Like the weekend park meetups, Tuesdays at Ikea tend to attract people between the ages of 60 and 80 looking for what has become known in China as “twilight love.”

For a few hours in the afternoon, the Swedish furniture retailer has the feel of a social club. The second floor of the store has some of the usual weekday traffic — shoppers who amble through the cafeteria’s metal stanchions picking out the famous meatballs, almond cakes and lingonberry juice. But many more have come for something other than Swedish fare, some bringing their own food and loitering from table to table, pulling chairs up to where friends and acquaintances are seated.

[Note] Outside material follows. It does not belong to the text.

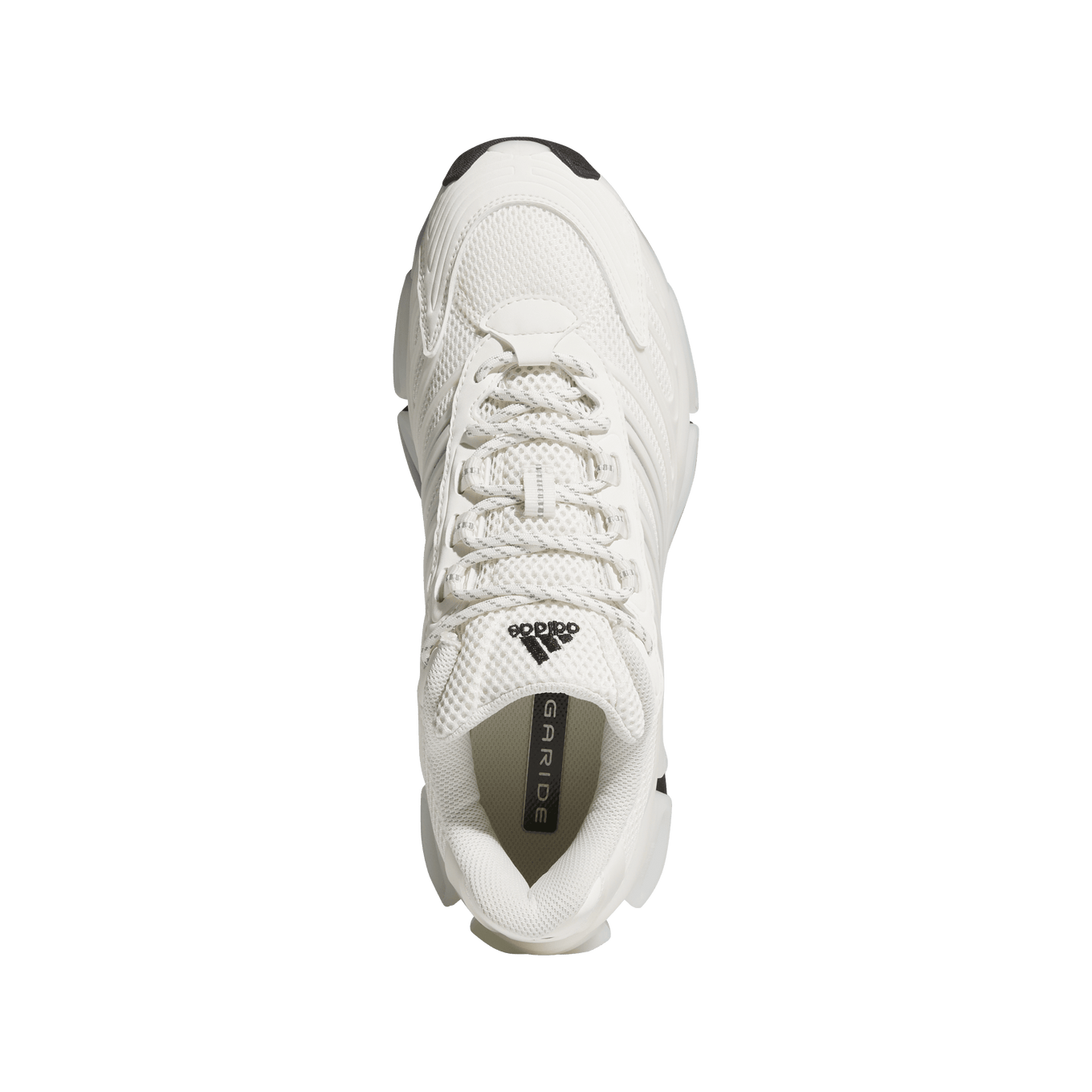 ADIDAS MEGARIDE AG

In the brightly lit bathroom, off to the side of the shop floor, women gather to gossip. One is putting on lipstick.

Online dating isn’t really a thing for the men and women here. They have smartphones, or at least they have the means to buy one, but most say they don’t want to search for a partner online.

“When it comes to buying things, I go online,” said Li Zhiming, 69, who had styled his black hair with gel and was wearing eyeliner and bell bottoms. “I don’t think online dating is reliable.”

Li said his wife had left him and their young son to go abroad in 1996, the early years of China’s reform and economic opening. He has been alone ever since. After retiring from a job as an engineer nine years ago, he started to plan his days with activities. He plays cards, dances to Latin music and can sing.

“I have my own apartment, a pension and a healthy body,” Li said.

He said he wanted to find a woman who was “young and beautiful.” In exchange, he promised to cook and take care of her. “I am lonely at home,” he said.

Zheng Yue, 70, chose to sit alone and wait for someone to come to her. Like many other women here, she did not want to give her full identity, instead providing the name she used on her public social media account.

Zheng, whose husband was a former police officer and died from an injury he had suffered years earlier, is looking for a man who is “knowledgeable, sensible, mature, stable, amiable and kind.” Someone, she added, whom she could “hold hands with for a lifetime.”

It takes a lot for women to come to these gatherings, she said. They tend to be more shy about finding a new partner.

“We are brave enough to come by ourselves and take the first step.”